Dans la matinée, nous avons appris que notre

voleur avait d’abord tenté de prendre le tandem

de nos voisins les plus proches, mais l’avait

abandonné dans leur jardin en constatant que

ses pneus étaient crevés, ce qui renforça la thèse

d’une personne ayant absolument besoin d’un

moyen de locomotion. D’autre part, tout le

monde savait que les allemands avaient

abandonné derrière eux des soldats slaves dont

ils ne parlaient pas la langue. Ces pauvres

ex-militaires « Malgré eux », louèrent leurs

services dans des fermes du pays afin de gagner

l’argent nécessaire pour le voyage de retour vers

leur lointaine patrie.

 

Dès lors papa et Josy commencèrent à évaluer le

parcours de notre « voleur » ; ils estimèrent à

une bonne vingtaine de jours le temps dont il

aurait besoin pour effectuer les quelques 1300

kilomètres qui le séparaient des Balkans, du

moins si tout se déroulait dans les meilleures

conditions. Ensuite, ils suivirent son voyage sur

les cartes de l’atlas afin de situer notre homme

dans l’espace, jour après jour…C’est ainsi que le

vieux vélo permit à toute la famille de voyager,

du moins en esprit, jusqu’en Croatie, mais

ignorant le point de chute de « Notre homme »
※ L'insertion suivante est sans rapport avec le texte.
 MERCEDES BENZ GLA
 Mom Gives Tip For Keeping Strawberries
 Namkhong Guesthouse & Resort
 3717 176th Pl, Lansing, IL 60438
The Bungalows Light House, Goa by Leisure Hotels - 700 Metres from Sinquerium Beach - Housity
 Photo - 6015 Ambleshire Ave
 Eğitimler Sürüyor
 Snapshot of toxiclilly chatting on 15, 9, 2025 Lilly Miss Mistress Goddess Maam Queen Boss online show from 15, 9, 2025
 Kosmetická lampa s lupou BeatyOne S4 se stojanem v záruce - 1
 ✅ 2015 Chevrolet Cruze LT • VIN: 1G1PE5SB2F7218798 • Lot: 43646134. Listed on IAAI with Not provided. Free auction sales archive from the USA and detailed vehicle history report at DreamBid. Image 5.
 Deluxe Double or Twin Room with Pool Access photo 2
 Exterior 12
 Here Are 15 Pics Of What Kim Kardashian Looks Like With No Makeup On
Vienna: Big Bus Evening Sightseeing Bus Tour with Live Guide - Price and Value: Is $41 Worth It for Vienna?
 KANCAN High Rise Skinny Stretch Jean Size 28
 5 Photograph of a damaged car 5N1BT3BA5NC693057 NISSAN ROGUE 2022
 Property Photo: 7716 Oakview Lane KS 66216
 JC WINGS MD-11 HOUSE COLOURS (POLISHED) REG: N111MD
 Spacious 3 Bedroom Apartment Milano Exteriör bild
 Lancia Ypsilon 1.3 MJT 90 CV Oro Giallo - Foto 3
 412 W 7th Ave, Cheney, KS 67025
nous fûmes obligés de l’abandonner à la frontière

Slovène, en espérant qu’il arrive à bon port.

 

 

 

C’est ainsi que notre père nous donna une

excellente leçon d’humanité. Il nous apprit à ne

pas juger les personnes selon leurs actes, mais à

essayer de connaître les circonstances et les

motivations qui sont à l’origine de ces actes.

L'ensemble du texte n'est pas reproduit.